I let go of Zylphia to her obvious relief. “Where is—”

And even as I began the hoarse words, I recognized them; exact echo of the words I’d uttered after Hawke had saved me, tasted me so intimately the first time. My cheeks heated.

Was I forever doomed to retrace my own steps?

“Cage?” she finished for me, one beautifully shaped black eyebrow climbing. There was nothing friendly in her gaze, now. Nothing but an irrefutable resolve. “It doesn’t matter, now, does it? You’re to leave.”

“Leave?” I scrambled, pulling the bedclothes to me, though it mattered little. Zylphia had been my maid for some weeks before my exile; she’d seen me unclothed and helped dress me upon waking.

She took the opportunity to gather my discarded clothing. “You cannot stay here anymore,” she told me, her voice a pleasant echo in the stark chamber. “You’re deucedly lucky the Veil didn’t send anyone else here first.”

“Here?” I scrubbed at my eyes with the heel of one hand. “Zylla, what is here?”

“It doesn’t matter what it is. You’re leaving.”

I was, certainly, but I’d meant to be leaving with more help. Not more questions. I’d never intended...this.

I frowned at her, taking in her plain day dress as she gathered my things. Not as delicate as the tea dress I’d envied so much, but certainly no one else could have made a simple white blouse and plaid blue skirt look so delightful.

Jealousy seized my heart.

I turned away as she returned to my bedside. “At least answer my questions,” I said, near enough a snarl that I appalled even myself.

The sticky remnants of my dreams refused to leave the fringes my thoughts. It felt as if I still waded through the tar I’d eaten not hours ago.

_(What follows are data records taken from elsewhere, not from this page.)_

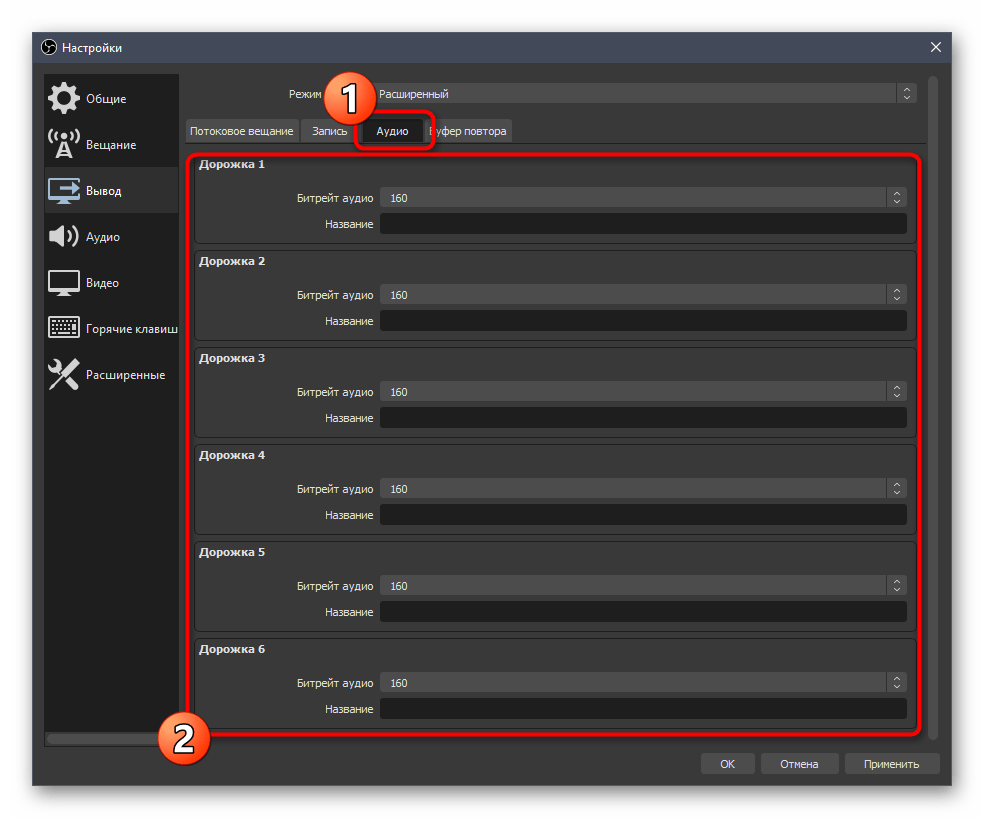 Выбор дорожек для записи звука при настройке в OBS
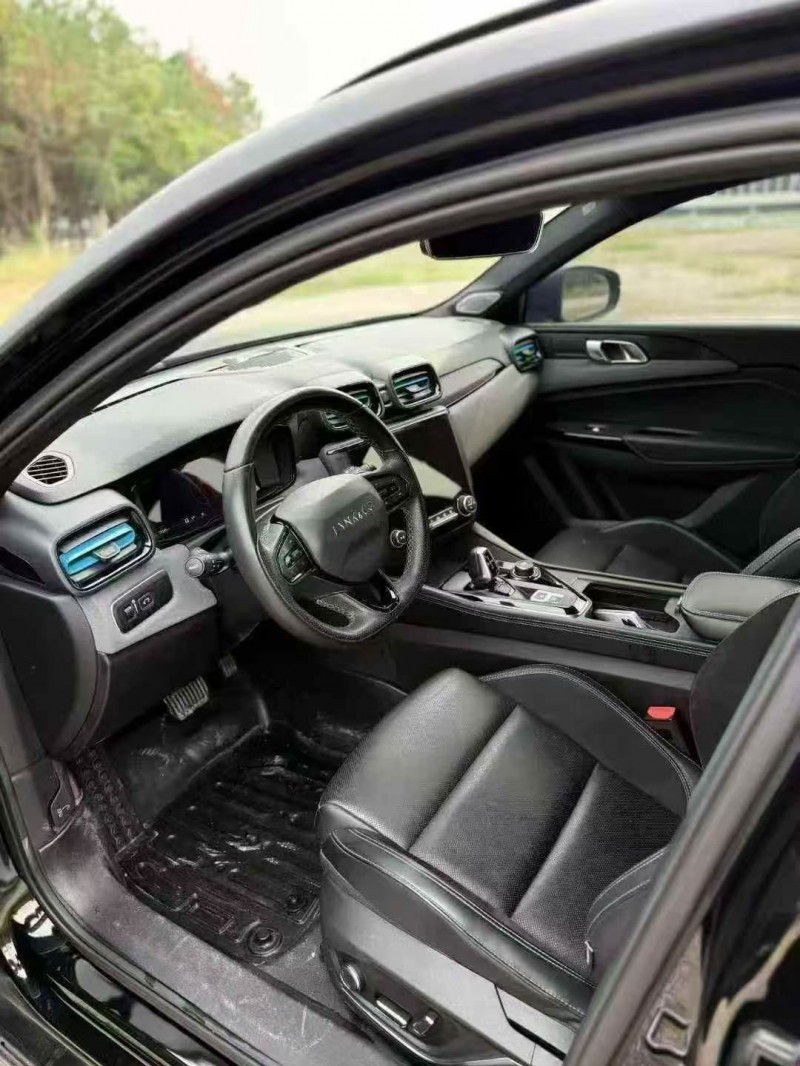 绍兴22年领克026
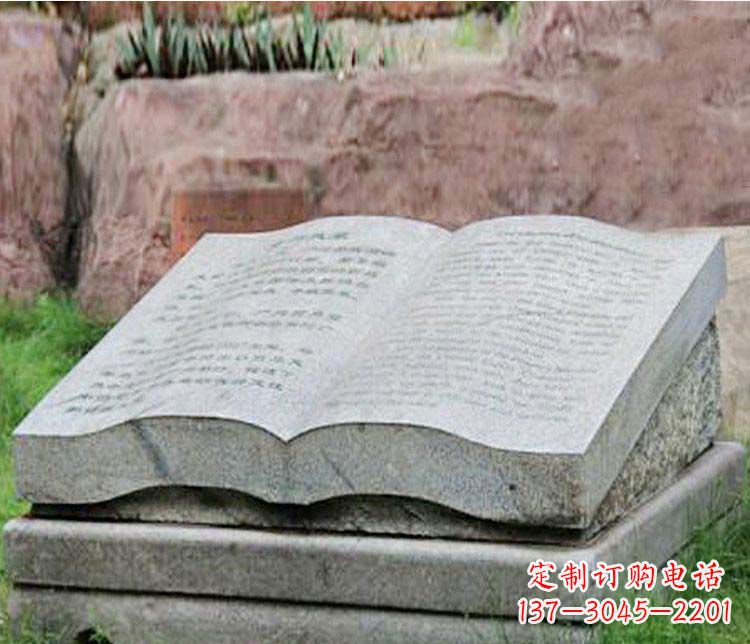 南阳公园书籍园林景观石雕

Had Hawke truly fed me? Had he shared in the flavor of it with a kiss as indecent as it was electrifying?

It seemed as if the heat in my cheeks flooded my whole body. Snatching the apparel Zylphia gave me, I made short work of pulling on my rumpled trousers—and only winced in surprise once before I learned to mask the discomfort my body felt.

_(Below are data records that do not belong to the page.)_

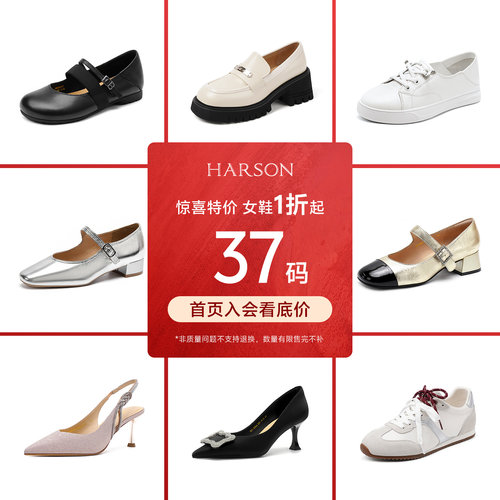哈森清仓女鞋37码先入会看底价
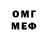 Кодеиновый сироп Lean Purple Drank toka_off_world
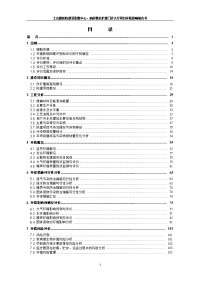 土右旗医院建设影像中心、病房楼及扩建门诊大厅建设项目环境影响报告书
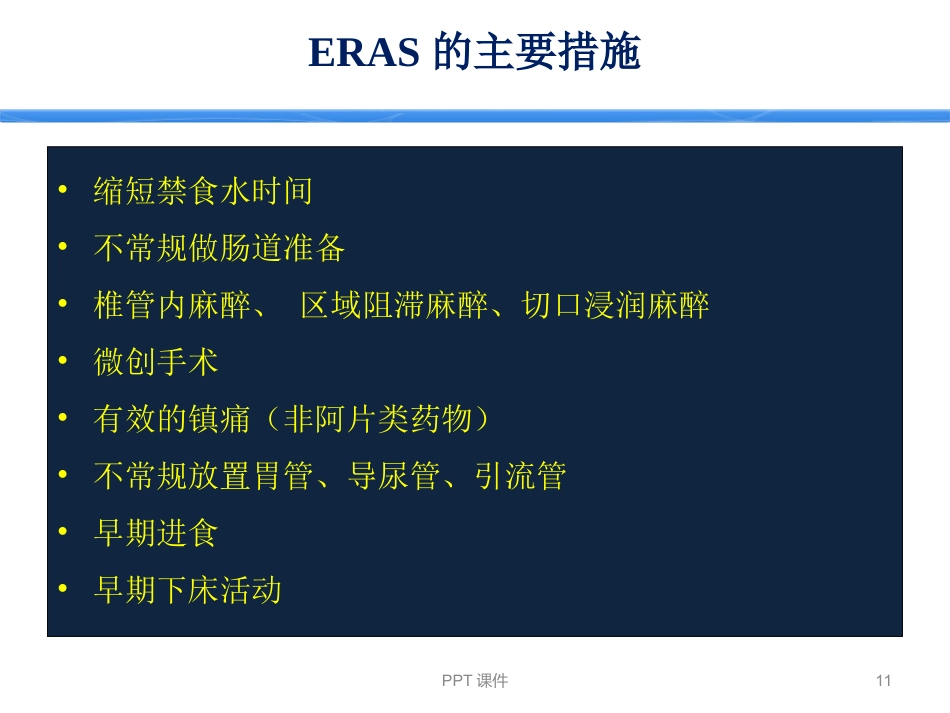ERAS加速康复外科--ppt课件_第11页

No one had warned me of the aftermath of sexual congress. The understanding I’d come to in the small hours of the morning now strained my credibility.

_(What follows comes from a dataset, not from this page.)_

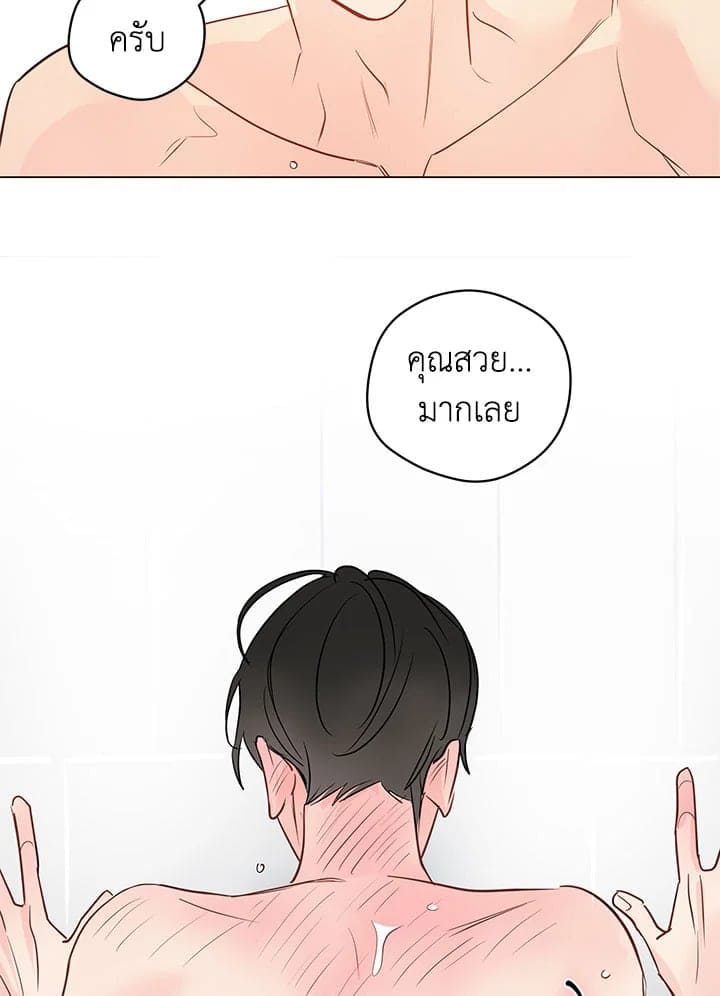 It’s Just a Dream Right ตอนที่ 5324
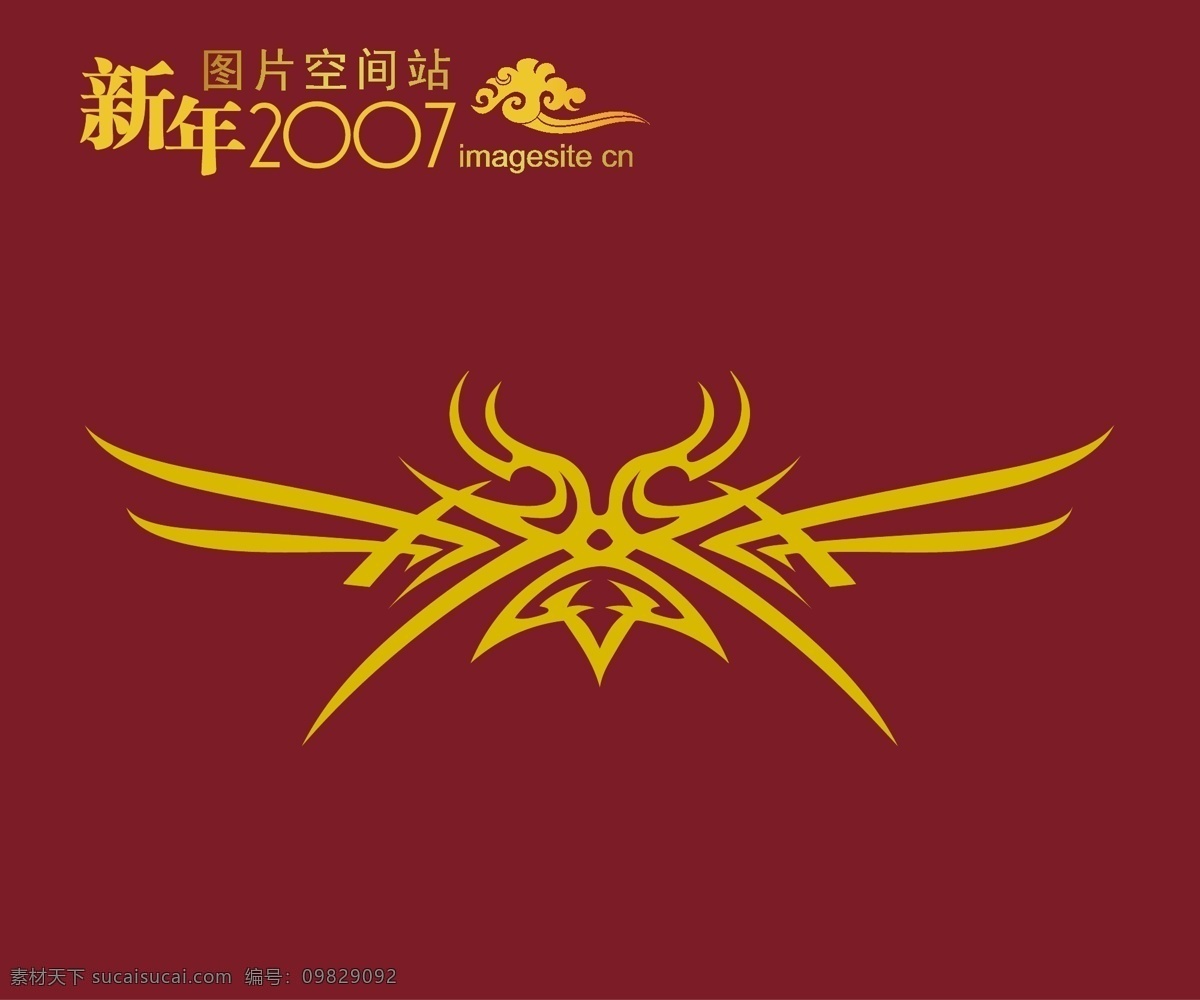 精美 矢量 动物 花纹 图案 标识cdr 环保cdr 卡通环保 矢量素材 标签标识 矢量图 其他矢量图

Why would women sell themselves if this was how they’d feel upon waking?

Zylphia did not offer to help. She turned half-away, as if it would afford me privacy for modesty I was not sure I maintained.

What a fool I’d been. To expect Hawke to be waiting come the morning? For what? Polite inquiry as to my health?

The man was never there come morning. If I did not learn this the first evening spent in his bed—willing or no—I certainly would know it now.

“Ask, then,” Zylphia said, curtailing my wandering concerns with a sigh. “I’ll answer what I may. But you must hurry.”

“I’m going fast as I can,” I snapped, earning her impatient frown. Even her dismay was beautiful. To be so exotic that even surrounding herself with lovely sweets did nothing to dampen her appeal—I could not imagine it. No wonder Hawke turned often to her.

He would likely do so again upon my departing.

I jerked my shirt closed, scowled when I reached for the buttons and found none.

If possible, my face went hotter.

Biting back a harsh word, I wrapped my shirt tightly in place, tucking it into the trousers that had survived intact. “Where did he get his scars?”

“The Veil had him punished for utilizing magic upon you.”

That stopped me cold. I stared at her.

She watched me steadily in turn.

“Magic,” I said doubtfully.

“You’ve heard of the Menagerie’s wūshī, yes?” Unlike me, Zylphia did not stumble over the foreign word. When I nodded impatiently, struggling into my corset while attempting to keep my shirt tails folded closed, she gestured absently. “That’s him. That’s Cage.”